Ces amendements avaient été introduits par M. Accoyer dans une loi concernant « diverses dispositions d’adaptation au droit communautaire dans le domaine du médicament ».
Après une saisine par les députés et sénateurs socialistes et communistes, le Conseil Constitutionnel a considéré que ces articles étaient « dépourvus de tout lien » avec les dispositions figurant dans le projet de loi, et les a donc déclarés « contraires à la Constitution ».

La Fédération Française de Psychothérapie et Psychanalyse (FF2P) qui avait activement milité pour cette abrogation se déclare très satisfaite de cette décision de bon sens.
Le sages confirment ainsi que les psychothérapeutes professionnels ne sont ni des « outils » entre les mains des médecins (M. Accoyer, octobre 2003), ni des « médicaments » (M. Accoyer, janvier 2007) !

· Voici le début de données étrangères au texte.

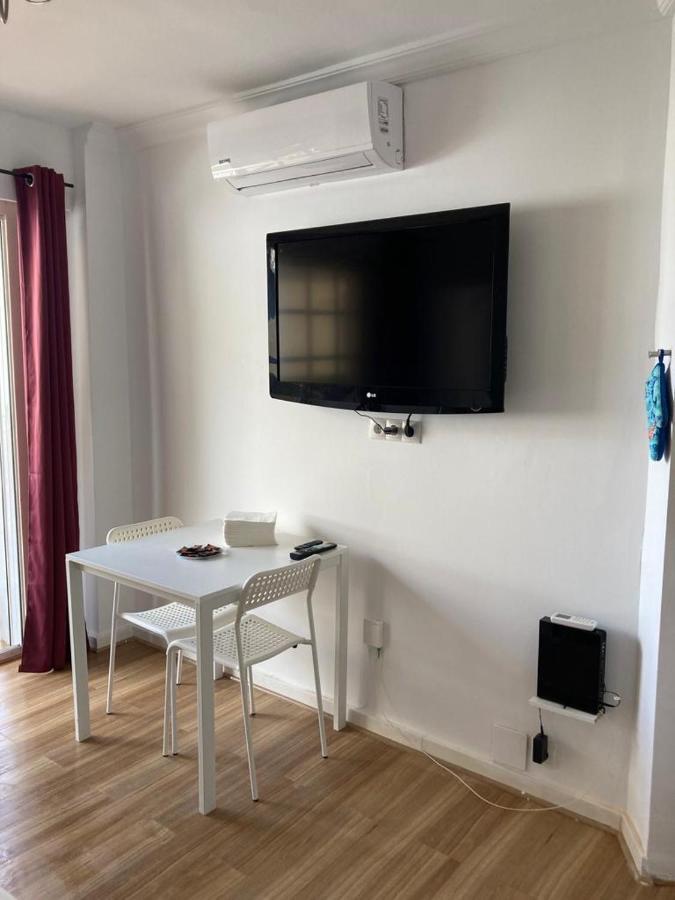 Vista Marina Apartment Benalmadena Luaran gambar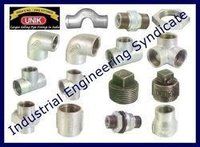 Unik GI Fittings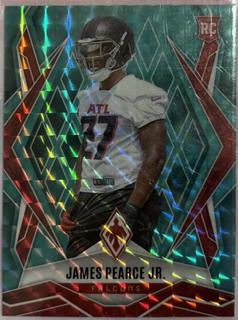 James Pearce Jr.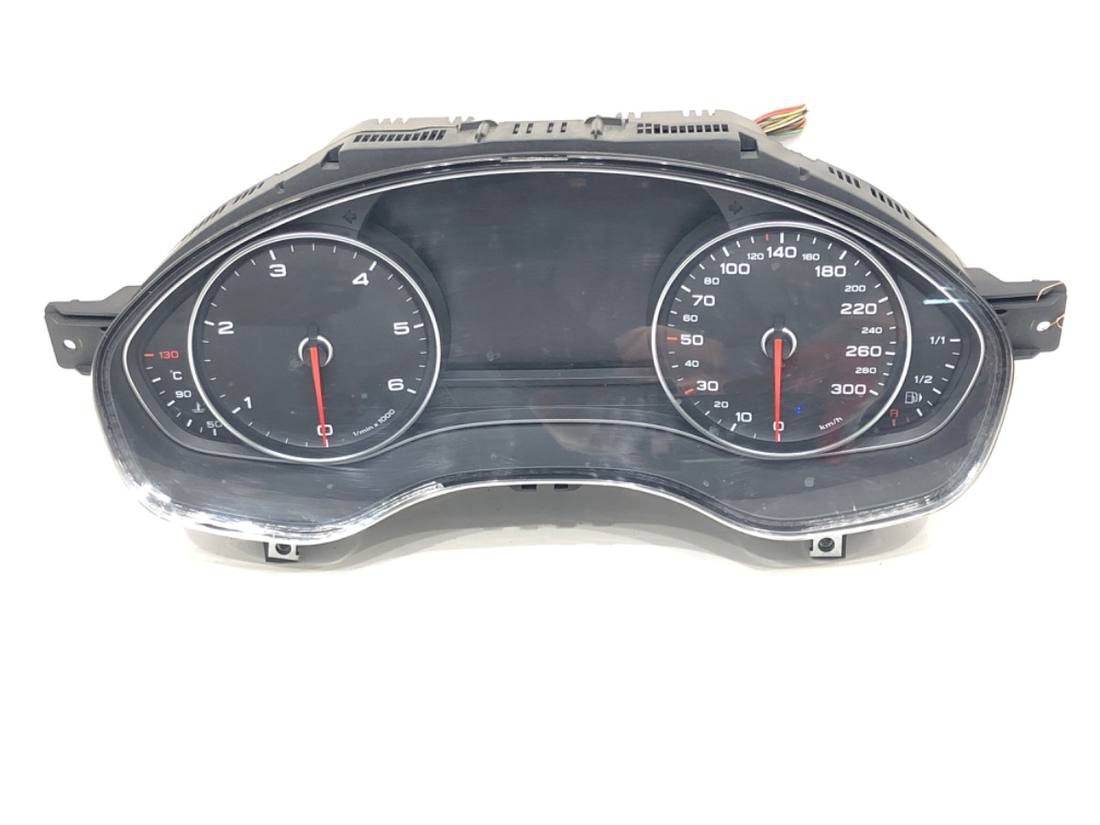 Щиток приладів Audi A6 C7 4G8920932D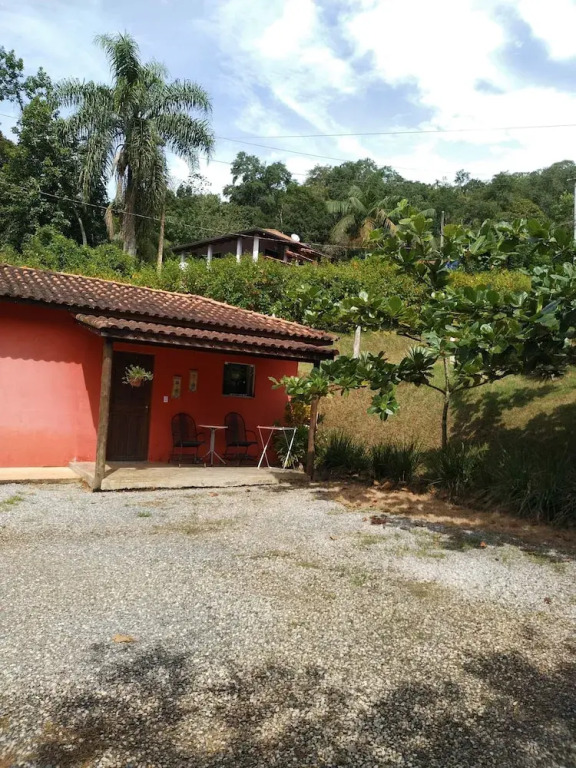 pousada da Serra PETAR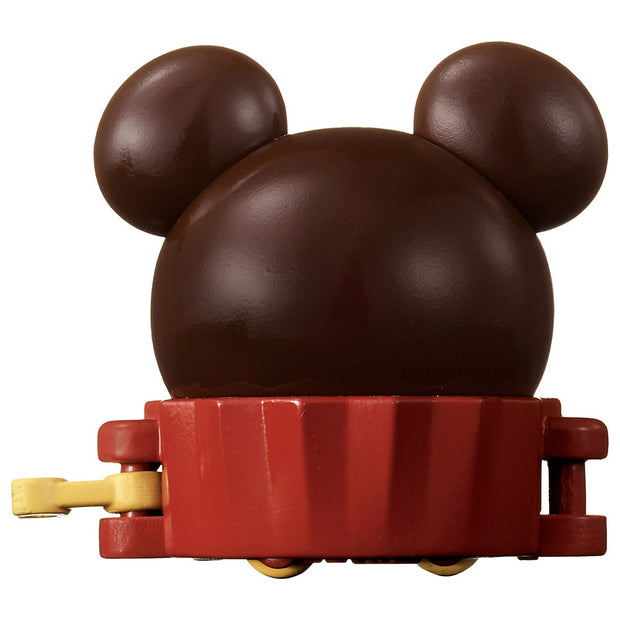 Tomica Dream Tomica SP Disney Parade Sweets Mickey Mouse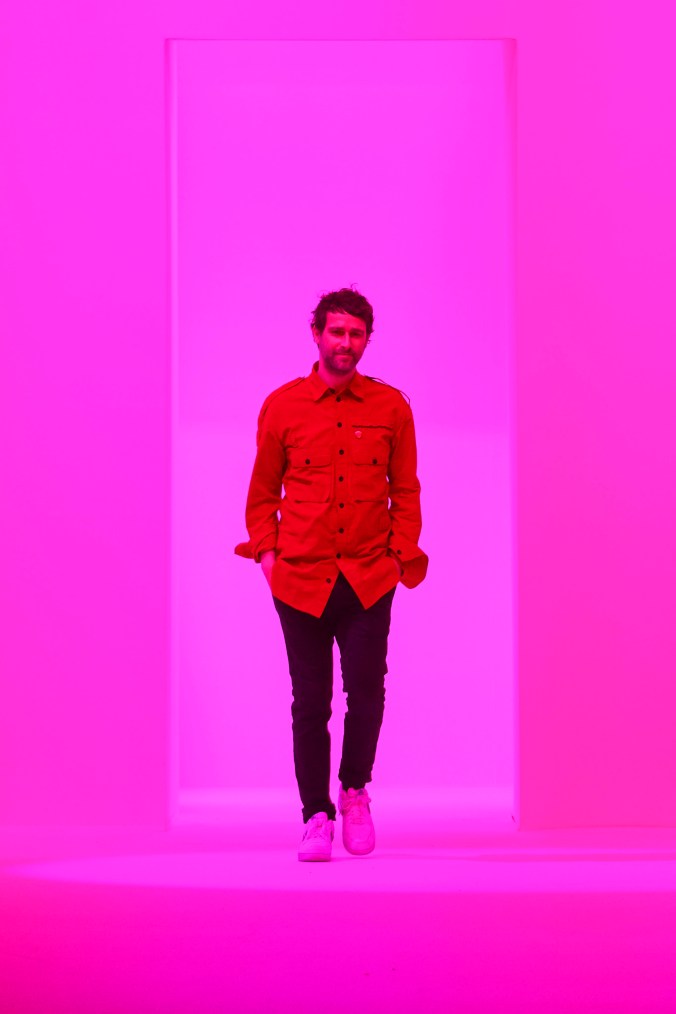 Ann D Fall 2019 RTW SM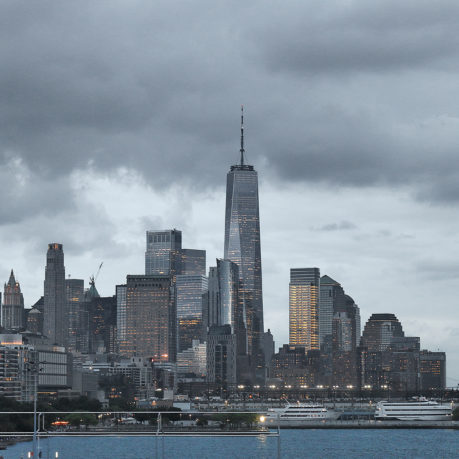 Little Island New York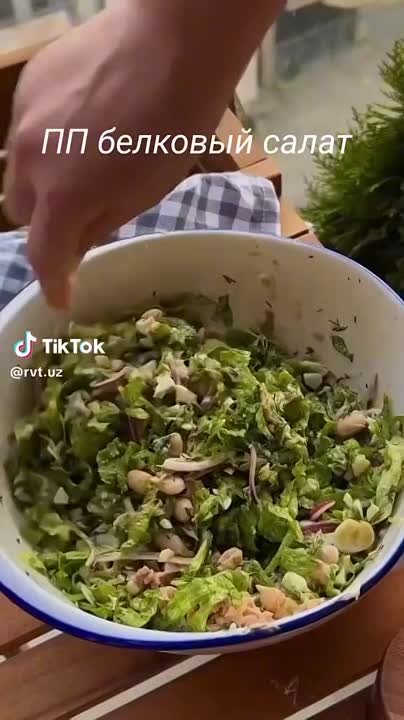 диетические блюда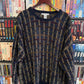 VTG Geoffrey Beene Sweater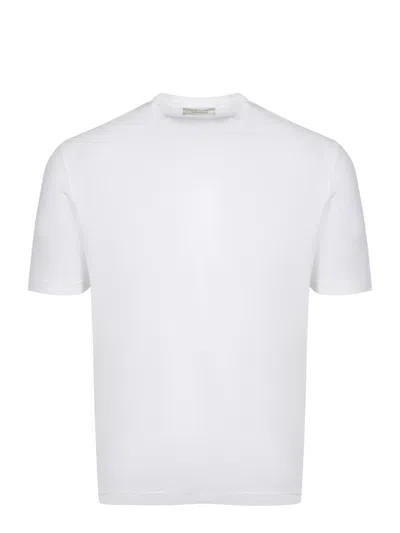 FILIPPO DE LAURENTIIS FILIPPO DE LAURENTIIS  T-SHIRTS AND POLOS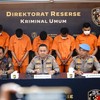 Kasus Matel, Polisi Sebut Perlu Evaluasi Cara Narik Kendaraan Nunggak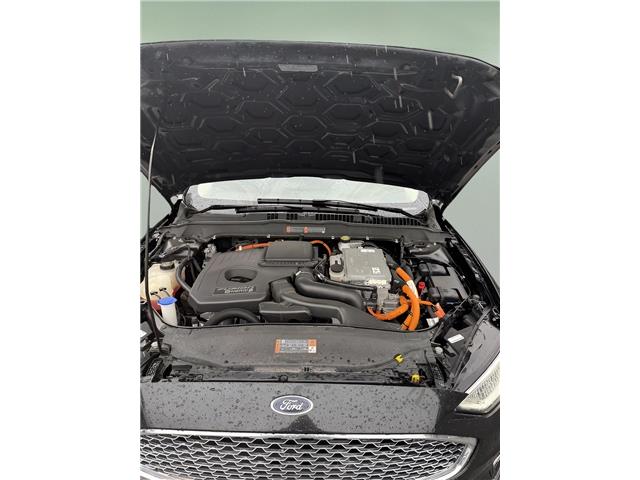 2020 Ford Fusion Energi Titanium (Stk: 260482) in Ottawa - Image 22 of 28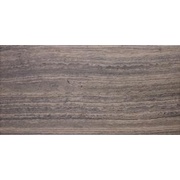 Настенная плитка Coem Millerighe Brown 60x120-2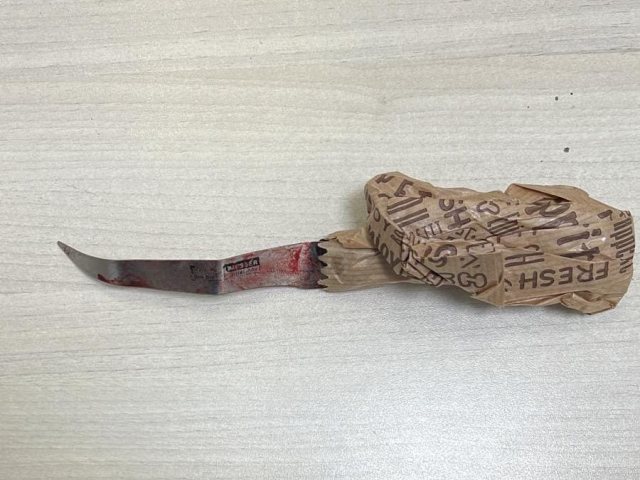 צילום: דוברות המשטרה 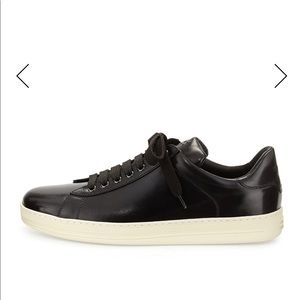 Tom Ford Russell low top sneakers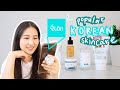 💫 Popular Korean Skincare Picks from Hwahae (화해) | K-BEAUTY 2020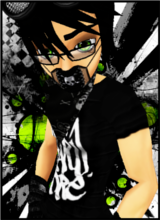 avatar image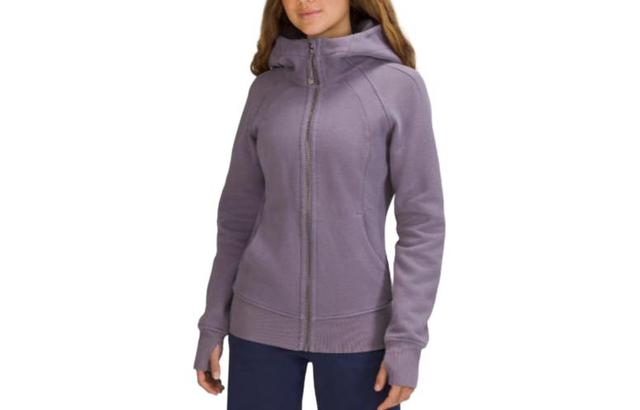 lululemon Scuba Hoodie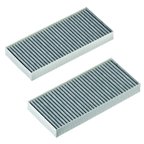 ATP Parts RA-18 Cabin Air Filter - view 1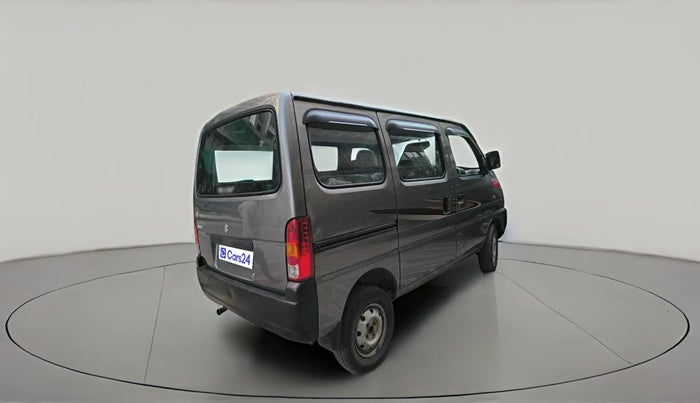 2021 Maruti Eeco 5 STR AC CNG, CNG, Manual, 96,511 km, exterior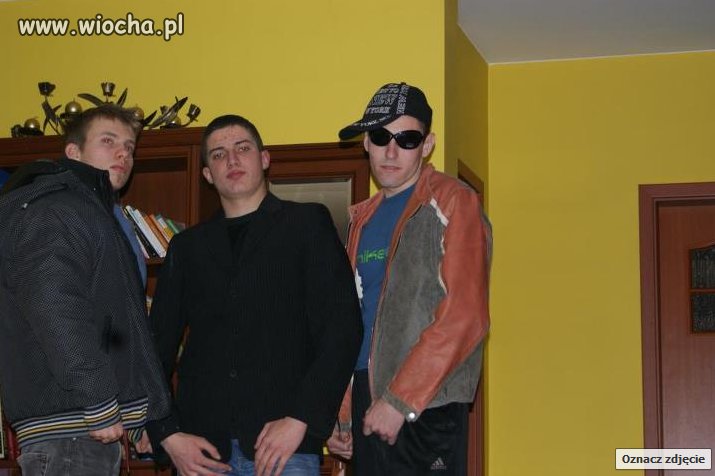 Gangsta Dewasta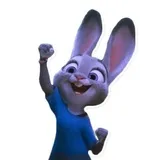 ZootopiaJudy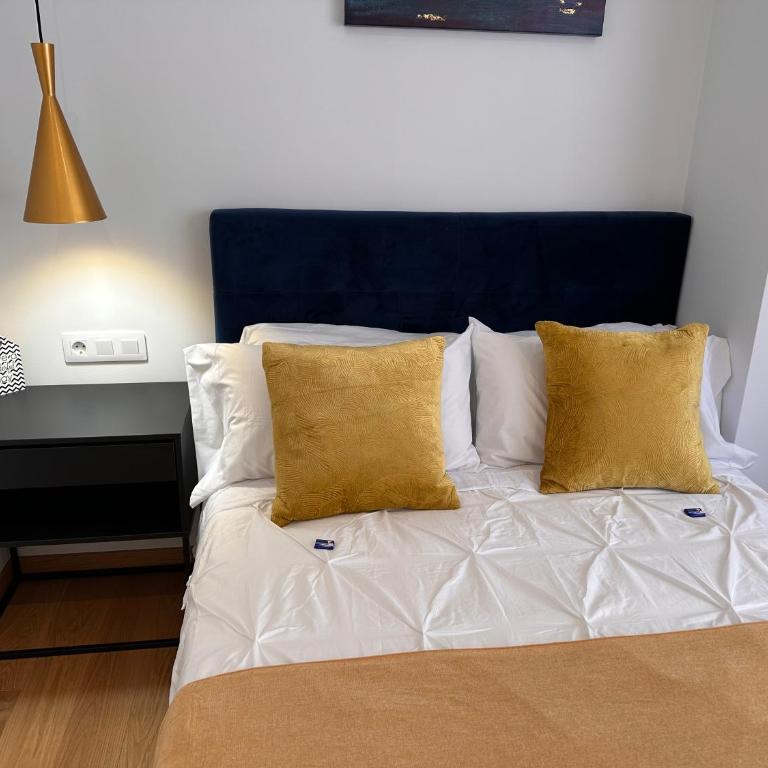 VAHIBAR Residences- Plaza de Compostela - Apartamento de 1 dormitorio - 16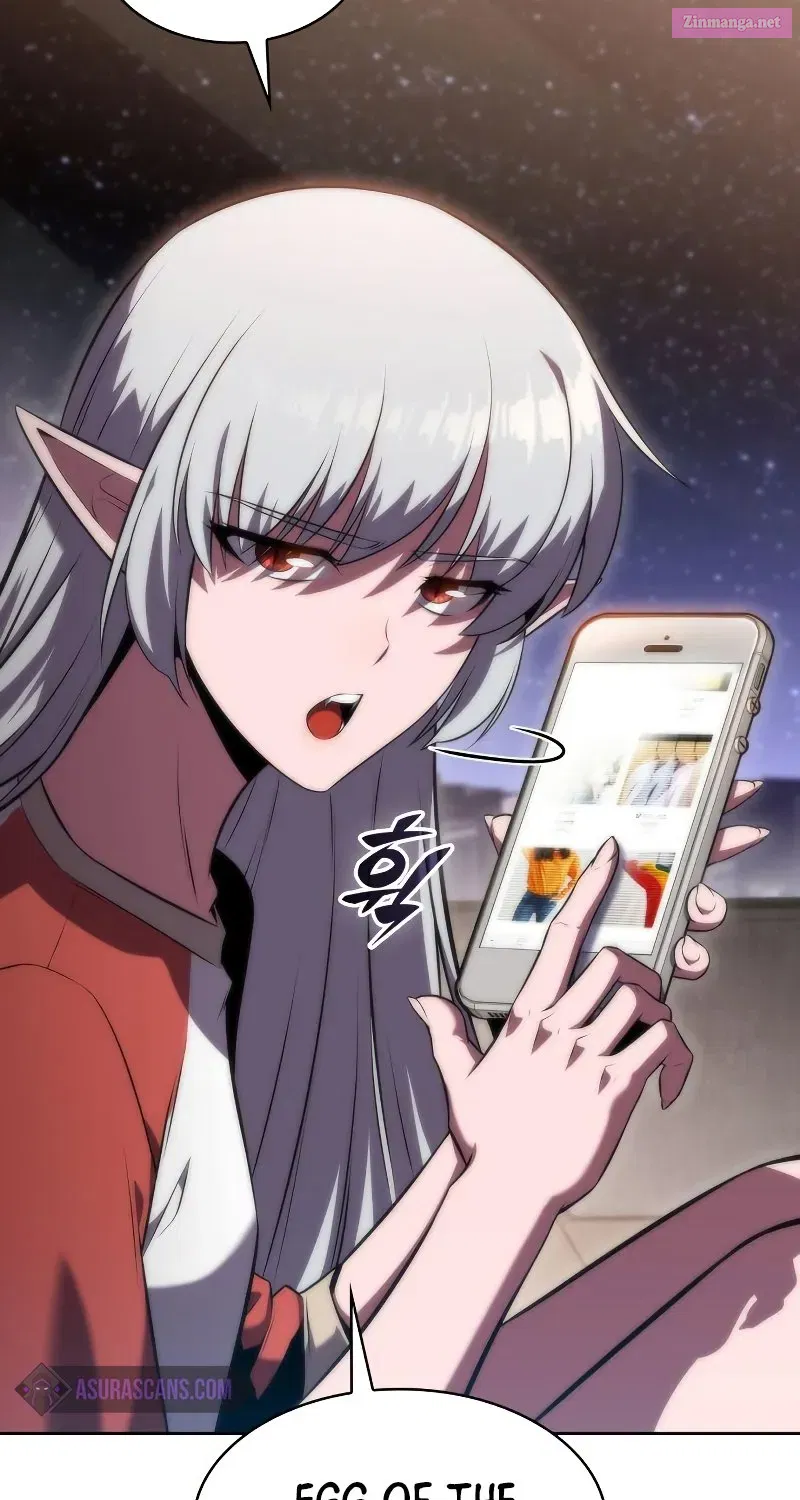 Read Solo Max-Level Newbie chapter 72.1 image 126 on Lezhin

Ainsi, la dernière version du décret d’application de la loi du 9 août 2004, péniblement élaborée après de nombreux mois de concertation de M. Xavier Bertrand avec les diverses organisations représentatives des professionnels, devrait être soumise incessamment pour avis au Conseil d’État. Elle prévoit l’inscription sur un registre national, avec mention des formations publiques et privées suivies, et cela après une formation complémentaire en psychopathologie clinique, effectuée à l’université ou dans un organisme agréé par l’État. Les médecins, psychologues et psychanalystes pourront solliciter une inscription de droit. Les autres professionnels en fonction depuis plus de trois ans à la date du décret pourront bénéficier de mesures transitoires (« clause du grand père »), sous réserve de l’avis d’une commission.

Il restera, bien entendu, à constituer ces commission d’évaluation d’une manière équitable, avec une représentation effective de psychothérapeutes praticiens compétents, diplômés de l’université ou d’organismes agréés par l’État, après une formation complète, impliquant notamment une psychanalyse ou une psychothérapie personnelle approfondie, une  formation théorique et méthodologique spécifique de quatre années au minimum, et une supervision de la pratique, rejoignant ainsi les normes en vigueur dans les 41 pays membres de l’European Association for Psychotherapy (EAP), membre du Conseil de l’Europe.


Dr Michel Meignant, président de la FF2P, médecin, psychothérapeute, représentant permanent de l’Association Européenne de Psychothérapie (EAP) auprès du Conseil de l’Europe ;
M. Serge Ginger, secrétaire général de la FF2P, psychologue clinicien, psychothérapeute, président de la Commission européenne d’accréditation des instituts de formation à la psychothérapie, dans les 41 pays membres de l’EAP ;
Mme Isabelle Crespelle, vice-présidente de la FF2P, psychologue clinicienne, psychothérapeute, présidente de la Commission des méthodes au sein de l’Association Européenne de Psychothérapie.